I must say I favor a free-market approach to health care: a system in which you can choose your own providers, and where you don't get punished for being taken to the wrong hospital by the wrong ambulance while you're unconscious. You know--a truly competitive system where the good providers get lots of patients and the poor ones get driven out of business because word gets around and nobody will go to them. A system where you and your provider decide what's needed for your care without interference from the corporate beancounters.

Our present system anything but a free market for consumers. Your insurance company dictates what doctor you can see, what hospital you can go to, and whether or not you're going to get that expensive test or procedure. As long as you are well, you are a profit source for them. If you get sick, you become a problem. If you get too expensive to them, they're pretty good at finding ways to dump you. And, as a side-effect of our ingenious employer-based health care payment system, if you get too ill to keep your job, you will automatically end up on the discard heap.
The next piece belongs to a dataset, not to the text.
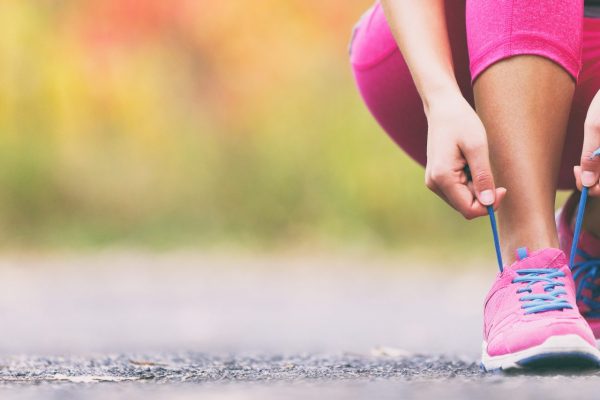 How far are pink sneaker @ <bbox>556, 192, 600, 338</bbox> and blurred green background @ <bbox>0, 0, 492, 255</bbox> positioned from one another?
12.9 ft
Very few of us can actually afford the kind of care that we might someday need--bypass surgery, say, or cancer treatment. We therefore must have a system in which relatively small payments from the many who do not need expensive interventions help to pay for the relatively few who do need expensive care. That means that the young and healthy need to pay in to the system during those periods of their lives when they aren't using much health care so that their elders can be cared for--and so that someday they too can be cared for in their time of need.

No for-profit insurance scheme will ever provide free-market health care. By their very nature, insurance companies are structured to make profits by denying needed services. They reward the providers who cost them the least, not the ones who save or improve the quality of the most lives.

The great paradox of the Western world is that only way to provide a free market for providers is through universal, tax-funded single-payer health care. In this system, the government serves as the collector and disburser of health care funds. You pay into the health care system--ideally through income taxes--and when you need health services, you go to the doctor of your choice, she treats you, she submits her bill to the government, and they pay. That's the way it works in much of the civilized world, and that's the way it should work here.